Following this, gay rights groups, including the Treatment Action Campaign, Lesbian and Gay Equality Project, the 1 in 9 Campaign and Forum for the Empowerment of Women, have called for an investigation into alleged homophobia and violence at the Vosloorus police station.

“In this community, particularly gay and lesbian people are brutalised by the police. We know that this is happening throughout the country and we know that it’s not only lesbian and gay people. It’s marginalised and oppressed people throughout the country that the police are brutalising and we are here to appeal to the police, to call on the police, but also to raise our voices to say we will mobilise for as long as this continues,” Natasha Vally, communications officer from the Lesbian and Gay Equality Project told the M&G during a march in Vosloorus against the alleged homophobic behaviour by the police on October 29.

The rights groups handed a memorandum to the deputy station commander, demanding an end to police brutality, access to justice for all people, and an end to homophobic behaviour by the police.

Lindiwe Khonjelwayo, secretary of the Congress of South African Trade Unions in Germiston, said the union expected a response from the police within seven days (which falls due on November 5).

“We are here in support for the call to defend the Freedom Charter, to defend the Constitution of this country in as far as the right to equality is concerned,” Khonjelwayo told the M&G.

“Obviously within the context of administrative justice you can’t expect this police station to receive a memorandum and not respond to it. If they can’t respond, the matter will be elevated to the necessary structure because we cannot continue to create divides among groups in the community and not respond to their concerns,” said Khonjelwayo.

‘Let her open a case’
Brigadier Max Masha, the station commissioner of Vosloorus police station, denied that his police officers were homophobic, adding that the Vosloorus Magistrate’s Court — were the charges were dropped — had not found the police to be at fault.

Masha urged Francisco to lay a charge against the officers she claimed had touched her genitals.

“Let her open a case. It’s a serious offence. If you touch a woman’s private parts that’s sexual assault,” he told the M&G.

Masha said the demands listed in the memorandum were exaggerated.

“If the police were homophobic I think they would go out of their way to hunt [gays and lesbians].”

“Our role as the police is to serve the interests of the community regardless of their sexual orientation. It is not our mandate to tell people how to behave. Our part is to ensure that no crime is committed. That is what we do. Even now I still repeat the lady that alleged that she was manhandled and her private parts touched.
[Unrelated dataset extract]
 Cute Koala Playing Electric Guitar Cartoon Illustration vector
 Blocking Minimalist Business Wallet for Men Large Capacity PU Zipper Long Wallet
I’m telling you now, bring her to me, let her open a case and we will investigate the matter. But we will not allow our members to be discriminated against. We know how it feels like to be discriminated against so we won’t discriminate against anybody. We will serve our community with pride.”

However lesbians living in Vosloorus say they still do not feel safe.

Buyisiwe Ngwenya says she and six other friends were wrongly arrested for public drinking by Vosloorus police before being beaten up in custody last year.

“We were coming from KwaThema [Gay] Pride then we went to the KFC in Vosloorus. The cops came to us and arrested us and said we were drunk in public but we were not. They then started swearing at us saying, ‘why are lesbians, are we confused?’ Then they took us to the police station,” Ngwenya told the M&G this week.

Ngwenya and her friends returned to the police station two days later to lay a charge, but claims they were ridiculed before being helped.

“We waited to be helped at the police station from 10:00am but were only helped at 4:30pm,” she said.

According to Ngwenya the case was later dropped without their consent or knowledge.